Analysis of the Complainant's Credibility
[52] I make the following observations and conclusions about the respective credibility of Ms. Hundal's KGB statement versus her trial evidence.
(1) Ms. Hundal is an articulate, highly-educated, intelligent woman. She holds a master's degree in computer science, and works full-time in the software development industry. In my view, she was in complete control while giving both of her statements, first to the police, and then to the court. In particular, I reject the submission that Ms. Hundal was either irate or irrational when giving her KGB statement. To the contrary, as I held in my earlier ruling on the threshold admissibility of her statement, I found Ms. Hundal to have been lucid, thoughtful and articulate when giving her statement to the police.
(2) I find that the December 3, 2017 statement to police was a spontaneous one, free of any form of leading, coercion or suggestion.
(3) I reject Ms. Hundal's explanation given at trial that she felt "manipulated" by the purported advice received by a lawyer on the evening of December 2nd to the effect that she had no choice but to tell the police whatever it was that she had initially told the staff at Brampton Civic hospital – regardless of whether or not it was true. As stated previously, Ms. Hundal is a highly intelligent woman who would not have been accepted such dubious and unethical advice without questioning it. And even if she had – the explicit cautions against lying which were provided by Cst. Briggs at the outset of her KGB statement were clearly understood by Ms. Hundal, and could have left no doubt in her mind as to her duty when making the statement – which was her duty to tell the truth.
(4) Ms. Hundal's KGB statement was rich in textured detail, replete with significant contextual quotes related to the verbal exchanges between the parties, and was accompanied by her frequent use of gestures or body language to simulate the positions of the various parties at different stages of the narrative. To the extent that she was emotional during the interview, I considered her agitation to be consistent with her description of what was an unexpectedly traumatic event within her own home, at the hands of her family members. Ms. Hundal was thoughtful in giving her answers, reasonable in conceding what she could remember or precisely recall, and resistant of guessing or exaggerating any details. One example of this which Ms. Prihar highlighted in her submissions was Ms. Hundal's statement that at times she simply didn't know who was hitting her or what was going on at a certain point in the room, because she was on the ground with her eyes closed. I accept the Crown's submission that it would be unusual for a completely fabricated account of wrongdoing to also include fictionalized gaps of perception or memory.
(5) I agree with defence counsel's general characterization of Ms.
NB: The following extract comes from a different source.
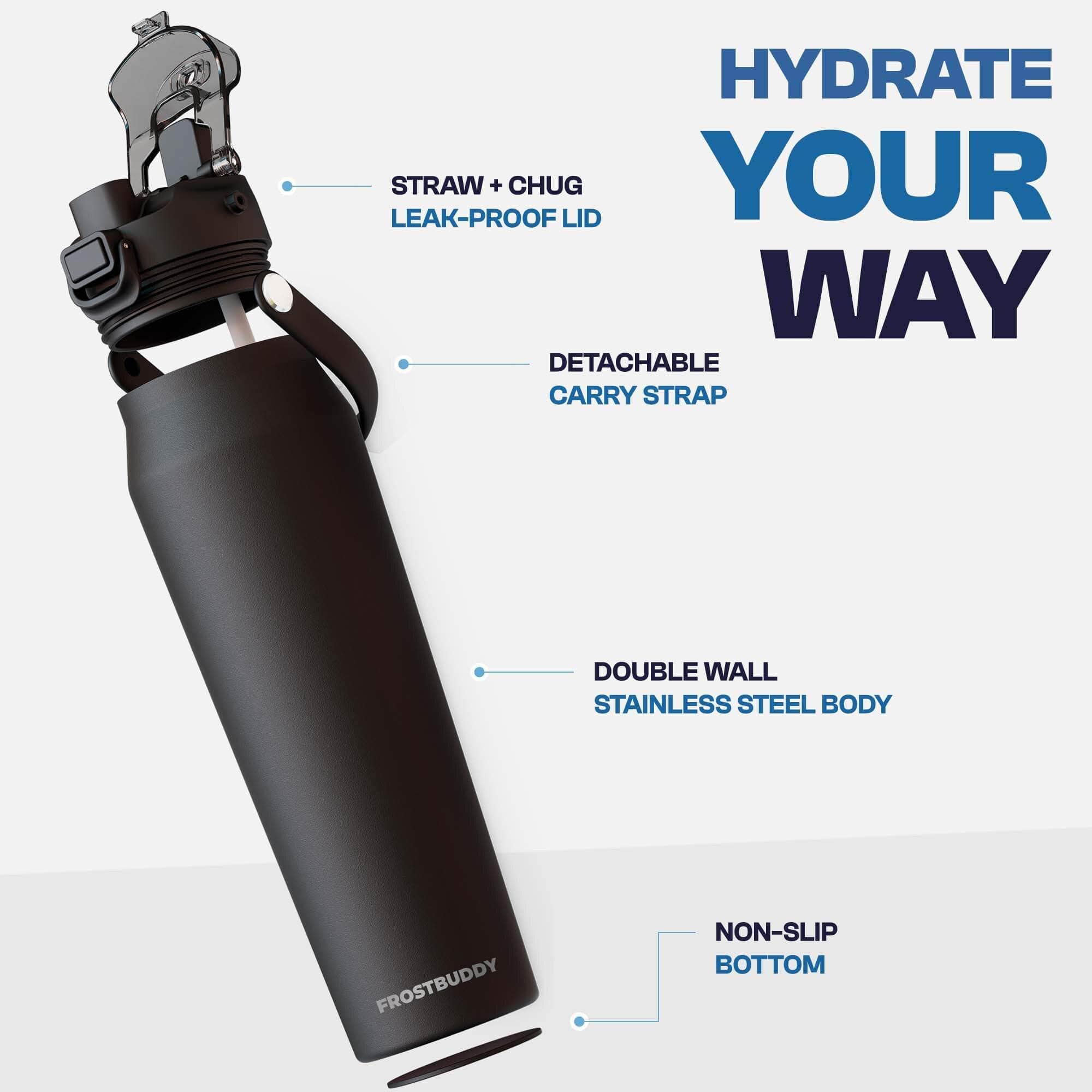 Bottle Buddy 32oz | Florida Gators | Legacy 8 Bottle Buddy 32oz | Alabama Crimson Tide | Legacy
Hundal's in-court testimony as having been calm and coherent. However, I can't agree that these features necessarily operated to make it more credible. In contrast to her KGB statement, Ms. Hundal's in-court testimony, and particularly the portion on the mechanics of her fall were vague, devoid of particular detail, somewhat inconsistent, and in my view, poorly contrived. When pressed by the Crown to explain how she received injuries exclusively to her head and face from the fall, Ms. Hundal responded with: "I fell with my head down and it was only the second stair." Later in her evidence, when asked which parts of her body made contact with the stairs or railing, she said: "my shoulders, my – one side of my back here, and my face." She testified that she tried to grab the railing on the way down but couldn't catch it, and landed "front down."
(6) Another frailty of Ms. Hundal's in-court testimony arose from her hesitation and even equivocation in certain of her answers relating to how she received her injuries. Ms. Hundal was evasive in response to the Crown's questioning about whether she was bleeding from anywhere before she left the bedroom for the stairs. She repeatedly testified that she couldn't remember if she was bleeding, and might have been – which is of course a curious answer to give if in truth there had been no violence committed against her in the bedroom. Similarly, Ms. Hundal did not want to look at the photos of her injuries and said she preferred not to. Her position on this issue, in my view, belied a sense of discomfort with the narrative which she was presenting to the court.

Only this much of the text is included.